A tale of reckless vengeance, the play and film is based on the life of legendary Roman hero Gaius Marcius Coriolanus. Coriolanus or Caius Martius (Fiennes) is persuaded by his mother Volumnia (Vanessa Redgrave) to run for the counsul of Rome after defeating the Volscian army lead by Tullus Aufidius (Gerard Butler). Coriolanus, however, is hardly a man of the people and finds himself sucked into a political web when he rails against the idea of the people having a say in the government. The tribunes of Rome brand Coriolanus as a traitor and banish him from the city. After spending quite a long time traveling outside “Rome” (or what appears to be an Eastern European inspired country), Coriolanus approaches Aufidius about uniting to defeat his former nation. They succeed brilliantly and only an emotional plea from Volumnia can halt Coriolanus from completing his wish to destroy the city. Coriolanus than returns to the Volscians where he is branded a traitor and killed.
As a filmmaker, Fiennes has a wonderful eye and his work with Logan in setting the work in the framework of a Serbian/Croatian conflict is smart and engaging. That battle scenes at the beginning are impressive and give the film a scope you wouldn’t necessarily expect from the material. He’s also assisted by a charismatic turn by Redgrave, a lively Brian Cox and his own passionate and gut-wrenching performance.
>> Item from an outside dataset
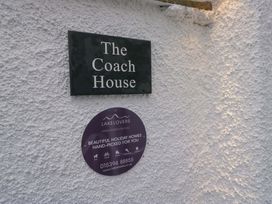 A property name sign and holiday home plaque at The Coach House in Bowness-On-Windermere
Unfortunately, the film has two faults that prevent it from being the masterwork Fiennes was aiming for. The first is Butler who seems out of place as Aufidius. We’re not doubting Butler can pull off something as difficult as Shakespeare, but his acting style doesn’t mesh well with the rest of the cast in this instance. The second is more problematic. The entire film hinges on the dramatic moment when Volumnia convinces Coriolanus to call of his attack. It’s a major change of heart for a man who has shown little but a zeal for military precision with little emotion in his actions. Redgrave and Fiennes give it their all, but it simply doesn’t work on screen in context of the movie. It’s similar to the climax from Baz Luhrmann’s “Romeo + Juliet” where Romeo (Leonardo DiCaprio) wakes up to discover Juliet (Claire Danes) has mistakenly killed herself. Even after it was famously reshot, the scene still couldn’t pull a tear from most moviegoers. That’s pretty much the same case here.
On the awards front, Fiennes could be a dark horse in the director race (stretch), but is certainly a best actor candidate. Redgrave is the true contender here in best supporting actress race (assuming she doesn’t get more support for her turn in “Anonymous”). Costumes, production design and cinematography all have legitimate shots as well.
More importantly, Fiennes joins the short list of actors who appear to have made a strong transition to directing. It seriously makes you wonder what he’ll do next.
It is assumed “Coriolanus” has a one week Oscar qualifying run sometime in Dec. It is currently set to open in limited release an 13.